──────── RECORD SET ────────

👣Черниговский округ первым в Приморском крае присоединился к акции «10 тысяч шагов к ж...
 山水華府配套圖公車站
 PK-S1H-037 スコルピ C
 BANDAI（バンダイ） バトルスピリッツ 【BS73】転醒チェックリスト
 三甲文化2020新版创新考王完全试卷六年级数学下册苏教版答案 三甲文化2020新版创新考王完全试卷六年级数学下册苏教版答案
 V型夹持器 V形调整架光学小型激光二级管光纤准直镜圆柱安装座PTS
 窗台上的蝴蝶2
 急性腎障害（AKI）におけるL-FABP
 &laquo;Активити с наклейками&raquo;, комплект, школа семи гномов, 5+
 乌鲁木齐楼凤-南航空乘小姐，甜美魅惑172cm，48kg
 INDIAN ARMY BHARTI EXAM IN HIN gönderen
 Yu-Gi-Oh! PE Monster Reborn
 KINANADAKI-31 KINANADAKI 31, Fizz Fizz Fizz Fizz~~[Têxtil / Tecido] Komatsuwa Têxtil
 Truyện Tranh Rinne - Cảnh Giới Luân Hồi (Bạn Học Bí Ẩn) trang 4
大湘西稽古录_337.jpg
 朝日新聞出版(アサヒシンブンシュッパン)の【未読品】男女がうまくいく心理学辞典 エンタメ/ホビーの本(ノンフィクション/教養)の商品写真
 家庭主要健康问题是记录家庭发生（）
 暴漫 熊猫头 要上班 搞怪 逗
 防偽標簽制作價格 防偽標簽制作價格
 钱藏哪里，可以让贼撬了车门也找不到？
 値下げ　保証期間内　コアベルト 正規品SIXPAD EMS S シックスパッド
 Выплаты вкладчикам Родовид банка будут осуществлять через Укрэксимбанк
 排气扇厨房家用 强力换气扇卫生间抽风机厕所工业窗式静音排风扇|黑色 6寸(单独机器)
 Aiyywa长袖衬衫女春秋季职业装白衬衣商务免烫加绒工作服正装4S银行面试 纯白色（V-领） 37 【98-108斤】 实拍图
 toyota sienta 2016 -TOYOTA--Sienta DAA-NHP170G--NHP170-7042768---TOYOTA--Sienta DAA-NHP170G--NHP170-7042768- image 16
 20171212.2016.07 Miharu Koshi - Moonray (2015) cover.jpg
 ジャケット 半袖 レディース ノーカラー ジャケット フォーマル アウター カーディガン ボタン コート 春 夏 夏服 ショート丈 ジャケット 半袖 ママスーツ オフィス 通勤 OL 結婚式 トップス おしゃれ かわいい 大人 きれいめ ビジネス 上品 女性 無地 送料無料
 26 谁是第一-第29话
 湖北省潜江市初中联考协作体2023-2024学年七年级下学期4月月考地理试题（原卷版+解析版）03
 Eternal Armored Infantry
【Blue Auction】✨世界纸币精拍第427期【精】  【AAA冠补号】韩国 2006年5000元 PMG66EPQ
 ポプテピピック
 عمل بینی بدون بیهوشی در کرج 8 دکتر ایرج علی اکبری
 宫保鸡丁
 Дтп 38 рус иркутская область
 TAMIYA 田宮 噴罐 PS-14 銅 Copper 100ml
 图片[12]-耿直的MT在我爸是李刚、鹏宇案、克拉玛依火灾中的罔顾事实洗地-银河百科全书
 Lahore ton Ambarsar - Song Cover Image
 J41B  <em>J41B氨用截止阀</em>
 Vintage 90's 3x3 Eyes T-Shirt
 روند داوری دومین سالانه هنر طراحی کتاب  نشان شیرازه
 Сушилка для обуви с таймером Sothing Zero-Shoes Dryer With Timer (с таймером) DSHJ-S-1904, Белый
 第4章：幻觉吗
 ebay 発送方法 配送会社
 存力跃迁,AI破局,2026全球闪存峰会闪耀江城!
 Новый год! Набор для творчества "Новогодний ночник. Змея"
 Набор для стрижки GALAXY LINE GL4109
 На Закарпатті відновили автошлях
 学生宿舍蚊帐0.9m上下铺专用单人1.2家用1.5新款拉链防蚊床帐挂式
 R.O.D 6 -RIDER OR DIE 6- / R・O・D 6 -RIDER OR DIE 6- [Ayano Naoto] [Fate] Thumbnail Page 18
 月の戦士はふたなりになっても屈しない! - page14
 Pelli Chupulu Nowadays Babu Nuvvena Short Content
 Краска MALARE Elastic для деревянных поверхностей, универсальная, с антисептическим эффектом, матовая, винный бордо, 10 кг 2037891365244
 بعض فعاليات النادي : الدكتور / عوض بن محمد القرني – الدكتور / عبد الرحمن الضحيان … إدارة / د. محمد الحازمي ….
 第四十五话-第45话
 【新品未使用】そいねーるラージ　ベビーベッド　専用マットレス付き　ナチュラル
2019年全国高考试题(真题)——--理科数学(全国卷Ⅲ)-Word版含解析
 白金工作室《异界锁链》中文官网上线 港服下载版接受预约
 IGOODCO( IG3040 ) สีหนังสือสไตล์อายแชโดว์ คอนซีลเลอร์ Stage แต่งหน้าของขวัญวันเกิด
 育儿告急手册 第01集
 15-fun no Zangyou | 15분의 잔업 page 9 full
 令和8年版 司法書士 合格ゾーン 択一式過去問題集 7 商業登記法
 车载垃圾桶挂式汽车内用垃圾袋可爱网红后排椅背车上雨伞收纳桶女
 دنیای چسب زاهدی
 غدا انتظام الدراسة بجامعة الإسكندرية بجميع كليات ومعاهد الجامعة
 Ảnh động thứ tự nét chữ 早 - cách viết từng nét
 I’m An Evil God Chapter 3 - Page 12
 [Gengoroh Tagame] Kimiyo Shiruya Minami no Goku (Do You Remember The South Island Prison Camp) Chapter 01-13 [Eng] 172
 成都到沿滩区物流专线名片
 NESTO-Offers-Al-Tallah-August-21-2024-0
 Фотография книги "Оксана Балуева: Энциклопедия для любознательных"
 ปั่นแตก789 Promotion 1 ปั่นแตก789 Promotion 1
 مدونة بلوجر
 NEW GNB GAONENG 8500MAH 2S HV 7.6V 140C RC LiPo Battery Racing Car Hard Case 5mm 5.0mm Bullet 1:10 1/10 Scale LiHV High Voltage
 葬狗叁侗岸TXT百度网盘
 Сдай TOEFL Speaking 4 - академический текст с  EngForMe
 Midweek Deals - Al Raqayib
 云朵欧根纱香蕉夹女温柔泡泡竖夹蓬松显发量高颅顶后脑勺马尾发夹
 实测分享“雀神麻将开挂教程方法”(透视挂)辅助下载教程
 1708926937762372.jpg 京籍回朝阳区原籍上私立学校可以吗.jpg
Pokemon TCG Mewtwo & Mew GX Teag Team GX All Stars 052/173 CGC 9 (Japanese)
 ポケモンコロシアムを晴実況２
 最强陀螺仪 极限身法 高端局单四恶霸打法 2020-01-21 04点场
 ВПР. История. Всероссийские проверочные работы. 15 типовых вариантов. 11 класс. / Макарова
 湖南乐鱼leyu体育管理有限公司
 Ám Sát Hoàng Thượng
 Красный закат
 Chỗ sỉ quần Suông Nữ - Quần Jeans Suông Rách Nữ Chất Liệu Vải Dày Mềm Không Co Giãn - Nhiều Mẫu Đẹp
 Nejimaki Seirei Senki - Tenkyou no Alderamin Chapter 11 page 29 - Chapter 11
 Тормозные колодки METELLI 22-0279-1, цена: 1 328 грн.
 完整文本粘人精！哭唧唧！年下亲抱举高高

────────

### [WHAT THIS TASK INVOLVES]
Look for the word "Набор". Copy out every line of the data that has it.

### [RESULT BELOW]
 Новый год! Набор для творчества "Новогодний ночник. Змея"
 Набор для стрижки GALAXY LINE GL4109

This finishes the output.